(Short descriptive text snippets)
********

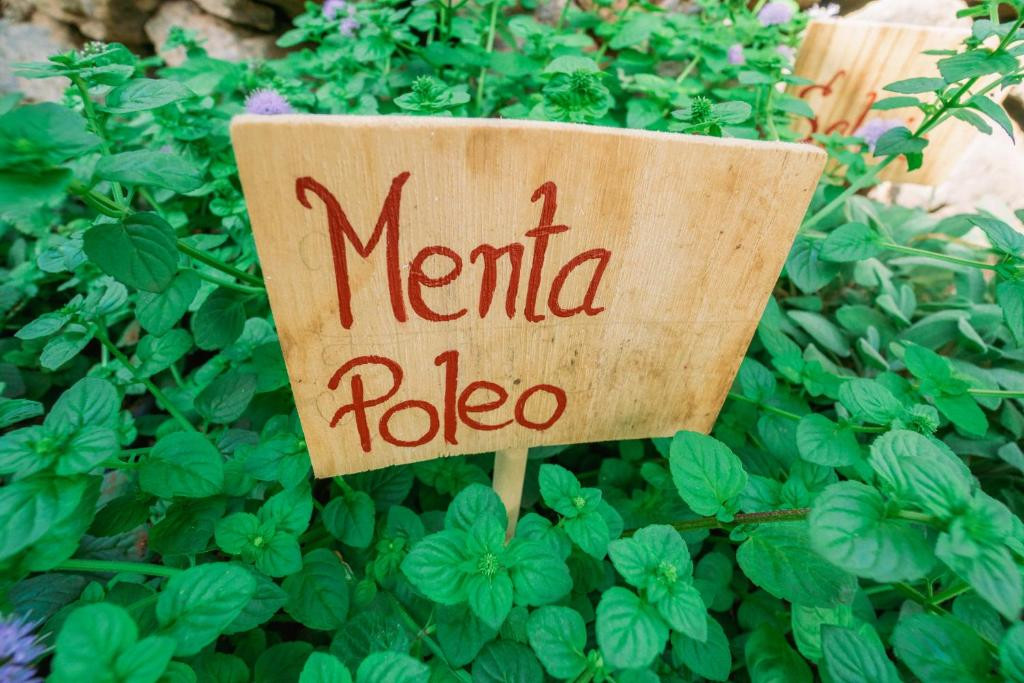Pennyroyal muntposter tussen groene bladeren in een tuin op Tenerife.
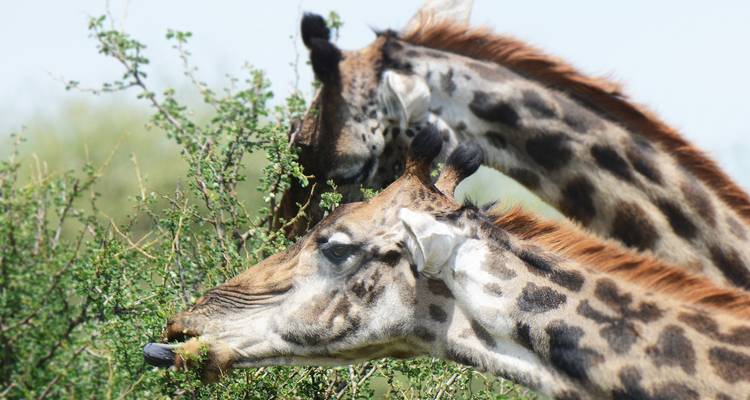Two giraffes eating leaves from a bush.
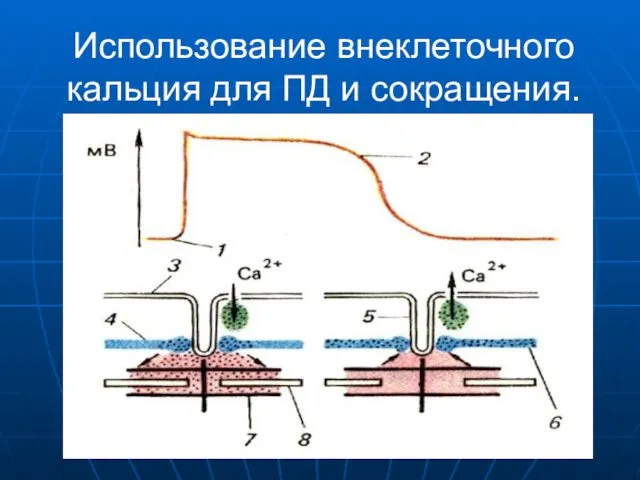 Использование внеклеточного кальция для ПД и сокращения.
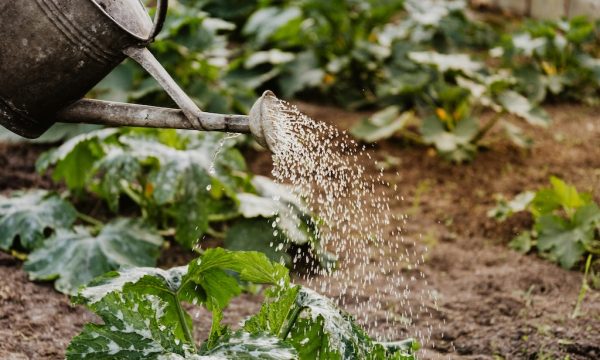 farmer's almanac, gardening summer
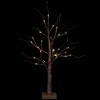 Northlight LED Lighted Christmas Twig Tree - 24" - Brown - Warm White Lights - 3 of 4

********

■ **What needs to be done**:
An exact reproduction of all the records is required, with no pictures included.

■ **Written reply**:
Pennyroyal muntposter tussen groene bladeren in een tuin op Tenerife.
Two giraffes eating leaves from a bush.
 Использование внеклеточного кальция для ПД и сокращения.
 farmer's almanac, gardening summer
 Northlight LED Lighted Christmas Twig Tree - 24" - Brown - Warm White Lights - 3 of 4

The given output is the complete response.